Bio: Scharf, Emma
Transcriber: Stan

Surnames: SCHARF

----Source: Town of Fremont History - 1973

Scharf, Emma

Fremont, Clark County, Wis. was 30 years old when I came to live here in 1903.

My husband (William), in company with a brother and brother-in-law, purchased our land in 1900. They had started harvesting the wood before we bought the land.

I came to our farm in a wagon and team that followed a trail through the wood, as there was no established road.

Our community had settlers before us. C. C. Berg, Ferdinand Johnson, Ara Lee, and Frank Gardner had already made their start. There was a schoolhouse, later named the Franklin School.

We lived the first year in a log shanty that woodcutters had used earlier. We sheltered our team of horses and two cows in a log barn. We built a new house the following year and a new barn in 1906.

All the people made a living, mainly cutting and selling wood, either for fuel or railroad ties. It was sold to people in Granton or sold to buyers who shipped it out by way of the railroad that ran through Fremont. After trees were cut the farmers scratched up small patches of ground and seeded between the stumps. Each year they dug and pulled or blasted out the sumps in small areas and gradually the fields began to take shape. Most settlers kept a few cows and as their farming land increased, they increased their herds.
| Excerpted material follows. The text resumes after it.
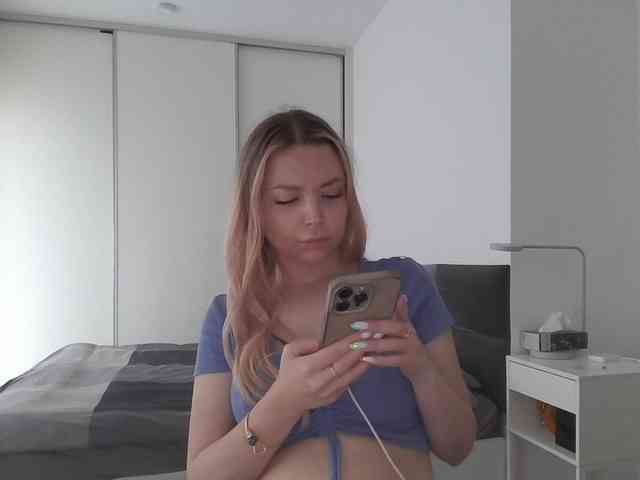 pinkpanther8899 webcam
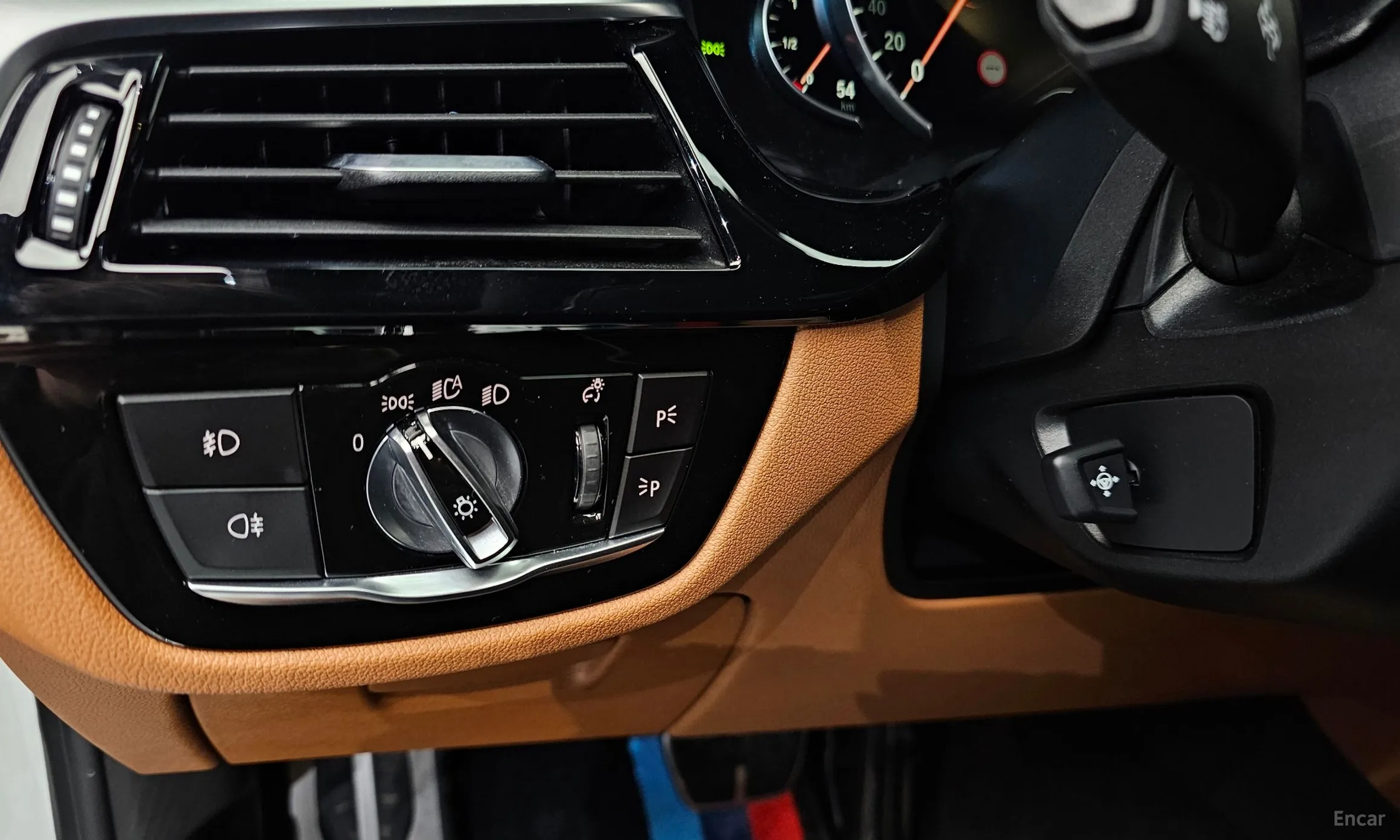 BMW 5 Series (G30) превью 13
The wives used the surplus cream to make butter which they sold at local stores in Granton. Eggs from a small flock of hens were traded for groceries. Women made their own soap, spun wool, knitted socks and mittens, and sewed most of the clothing for their families.
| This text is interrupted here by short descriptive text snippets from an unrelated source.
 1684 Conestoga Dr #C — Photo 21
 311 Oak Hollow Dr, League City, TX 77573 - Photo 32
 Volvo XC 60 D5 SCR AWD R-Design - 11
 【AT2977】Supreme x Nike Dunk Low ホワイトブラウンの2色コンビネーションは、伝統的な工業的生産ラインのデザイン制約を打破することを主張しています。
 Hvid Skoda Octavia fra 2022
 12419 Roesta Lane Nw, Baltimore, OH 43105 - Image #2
Aside from hand tools, our farm machinery for our first years consisted of a walking plow and a wooden framed drag, a wagon and a sleigh.
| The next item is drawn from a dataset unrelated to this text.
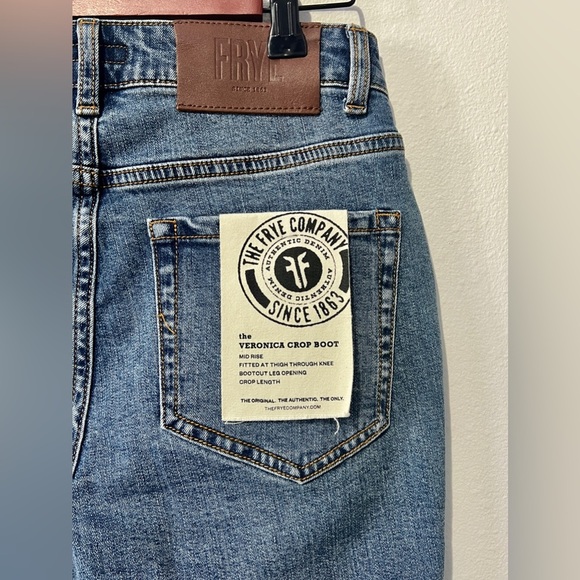 FRYE NWT the Veronica Cropped Bootcut Jean - Size 25 - Picture 7 of 13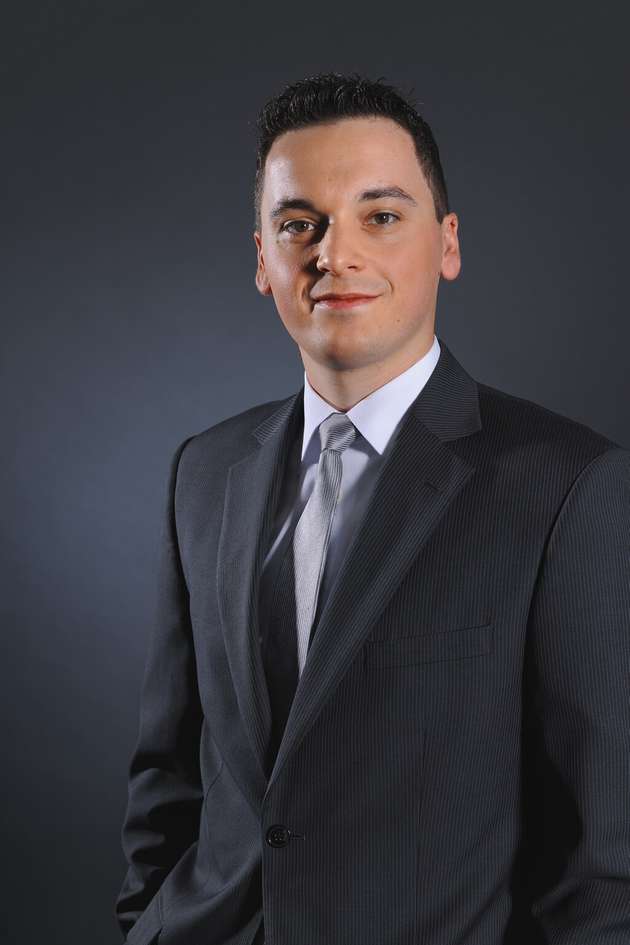 Heiko Kurtz, Sales Manager Pharma & Biotech, Bürkert Fluid Control Systems: Durch Standardisierung kann die Time-to-Market der Produzenten durch die Lieferanten von Anlagen verkürzt werden. Dabei ist die Standardisierung von Anlagenteilen (Modulen) ebenso wichtig, wie die der Subsysteme und Komponenten. Durch Geräte- und Kommunikationsstandards lassen sich vor dem Anlagenbau Engineering-Zeiten deutlich verkürzen. Ist die Anlage gebaut, fallen weniger Fehler und Kompatibilitätsprobleme zwischen Anlagenteilen und Komponenten an – somit verkürzen sich Inbetriebnahme-Zeiten. Durch intelligente und standardisierte Geräteschnittstellen liefert Bürkert den ersten Baustein zu Planungs-, Umsetzungs- und Inbetriebnahme-Optimierungen. Am Beispiel unserer Ventilinseln lässt sich dies verdeutlichen: Durch eine 100-prozentige Integration in die Siemens-Prozessautomatisierungslandschaft schaffen wir Sicherheit und Vertrauen bei unseren Kunden im Engineering, Anlagenbau und beim Endkunden.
During this first decade in Fremont, things changed rapidly. Fields and herds grew bigger, a turnpike was built up to our farm, a cheese factory was built on the cross road, more settler came and our three children were born.

These were busy, happy, challenging years. Lots of hard work, but neighborhood bees, parties, and barn raisings gave us entertainment and many cherished memories.